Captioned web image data

= = = = =

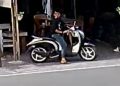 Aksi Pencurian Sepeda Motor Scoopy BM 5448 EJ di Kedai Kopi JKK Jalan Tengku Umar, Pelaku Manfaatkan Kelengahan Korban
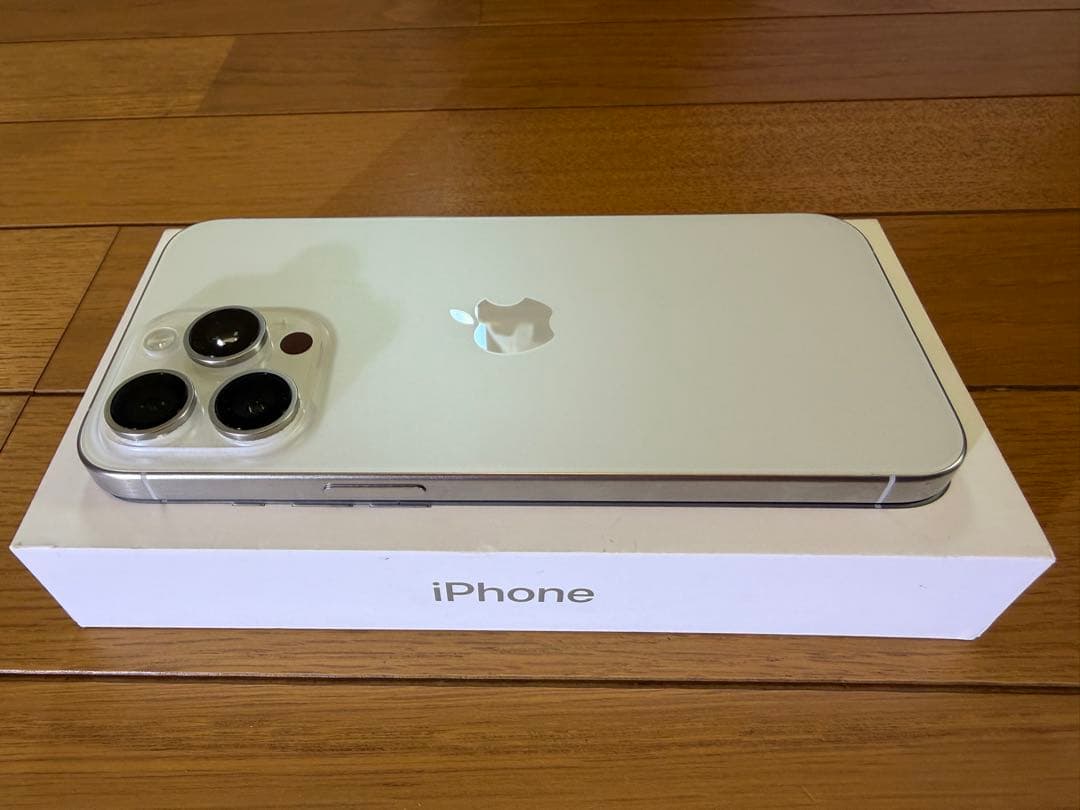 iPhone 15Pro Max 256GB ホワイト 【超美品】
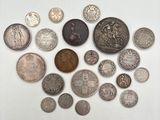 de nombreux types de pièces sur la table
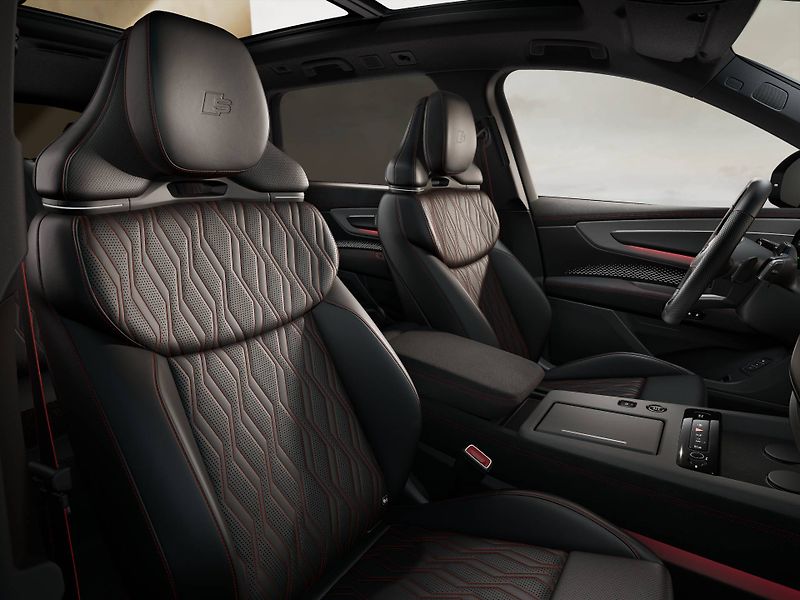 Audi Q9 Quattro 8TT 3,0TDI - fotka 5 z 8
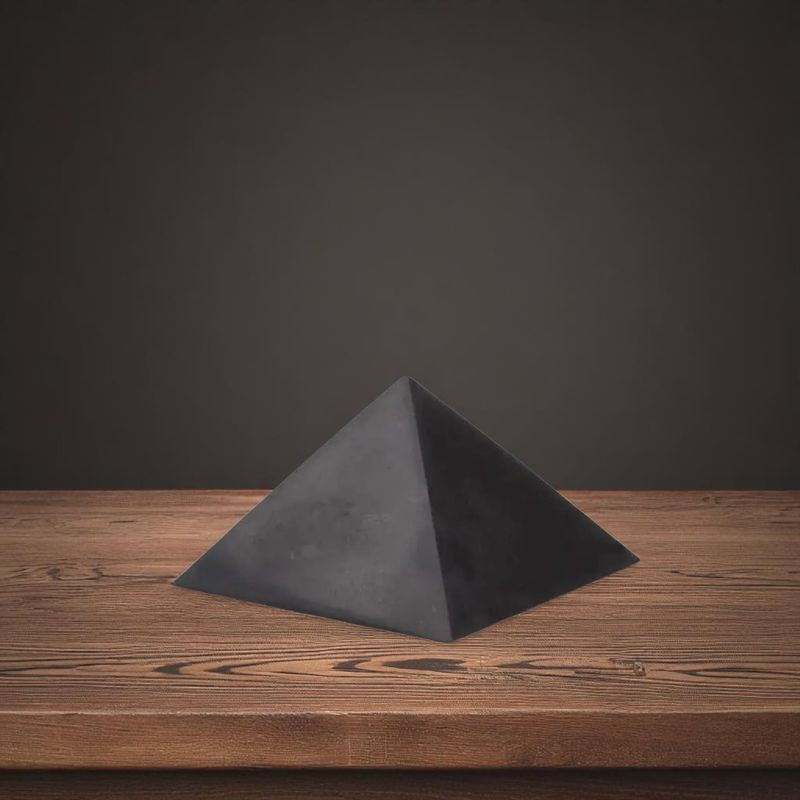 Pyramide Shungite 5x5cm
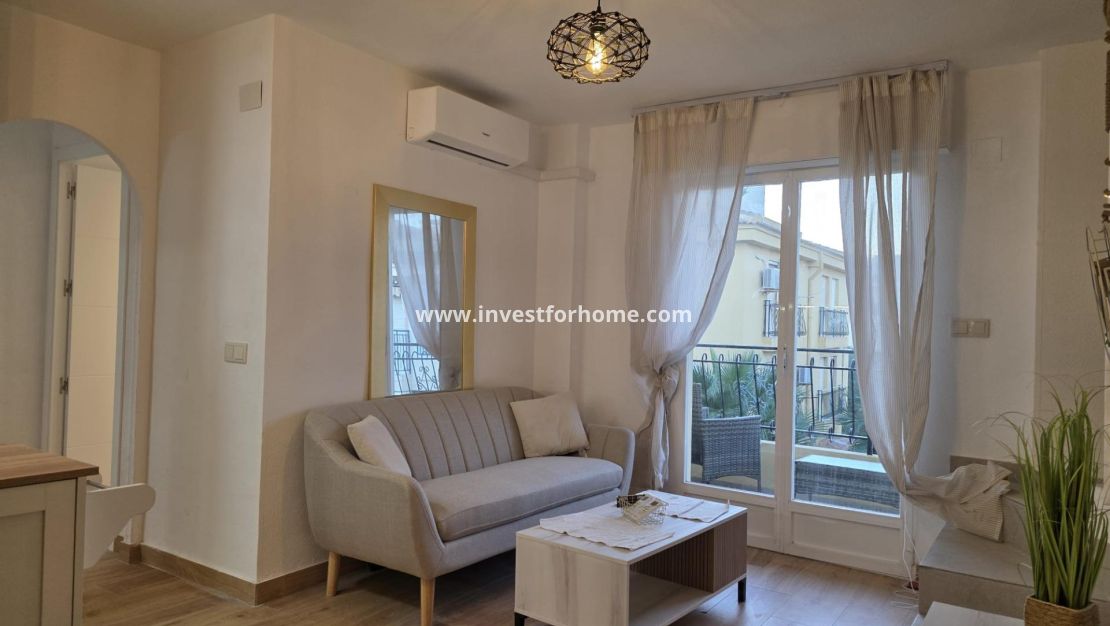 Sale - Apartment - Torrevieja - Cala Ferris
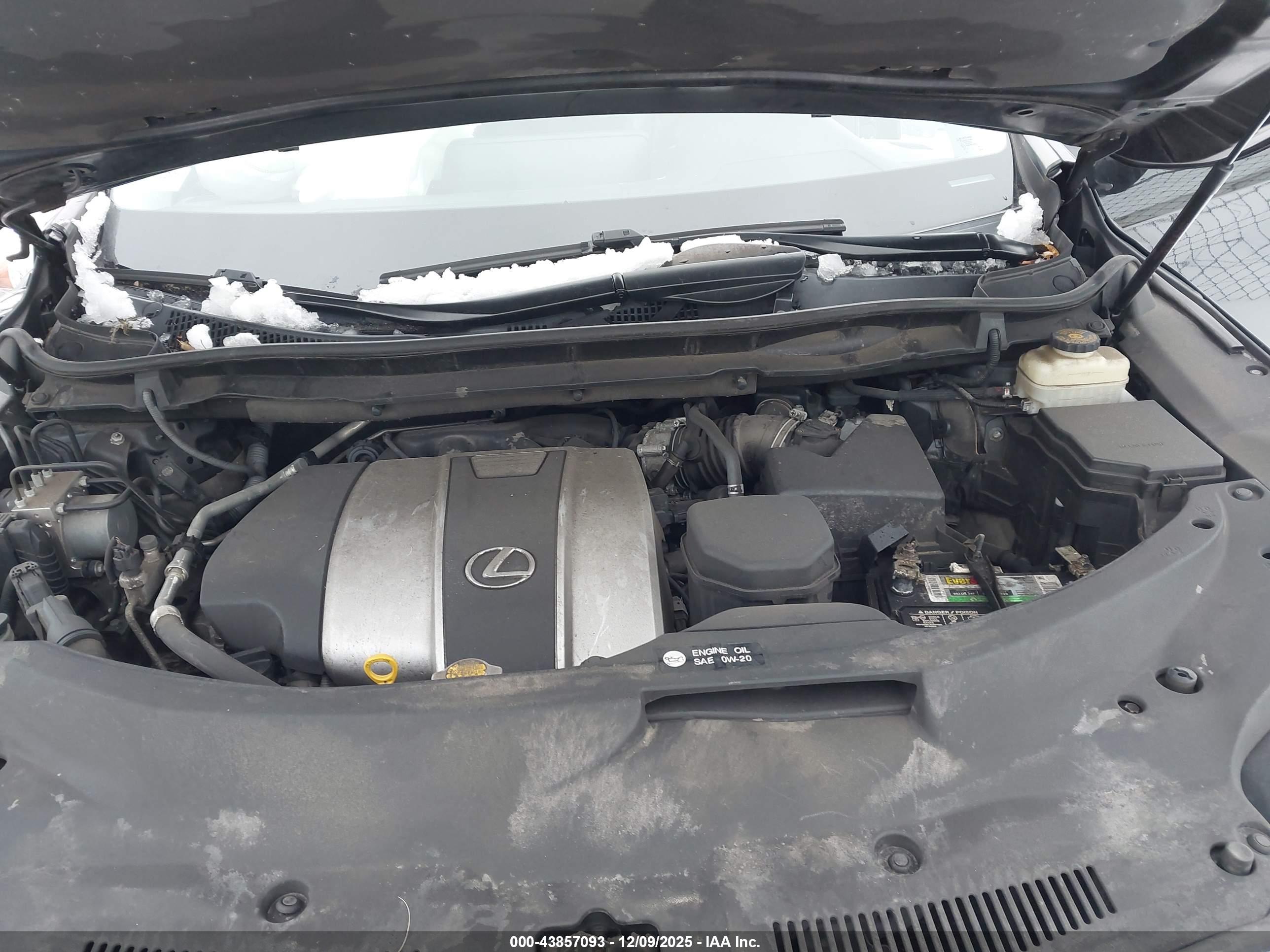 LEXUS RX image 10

= = = = =

**Aim of the exercise**
Could you write out the records again exactly, without any of their pictures?

**Task solution**
 Aksi Pencurian Sepeda Motor Scoopy BM 5448 EJ di Kedai Kopi JKK Jalan Tengku Umar, Pelaku Manfaatkan Kelengahan Korban
 iPhone 15Pro Max 256GB ホワイト 【超美品】
 de nombreux types de pièces sur la table
 Audi Q9 Quattro 8TT 3,0TDI - fotka 5 z 8
 Pyramide Shungite 5x5cm
 Sale - Apartment - Torrevieja - Cala Ferris
 LEXUS RX image 10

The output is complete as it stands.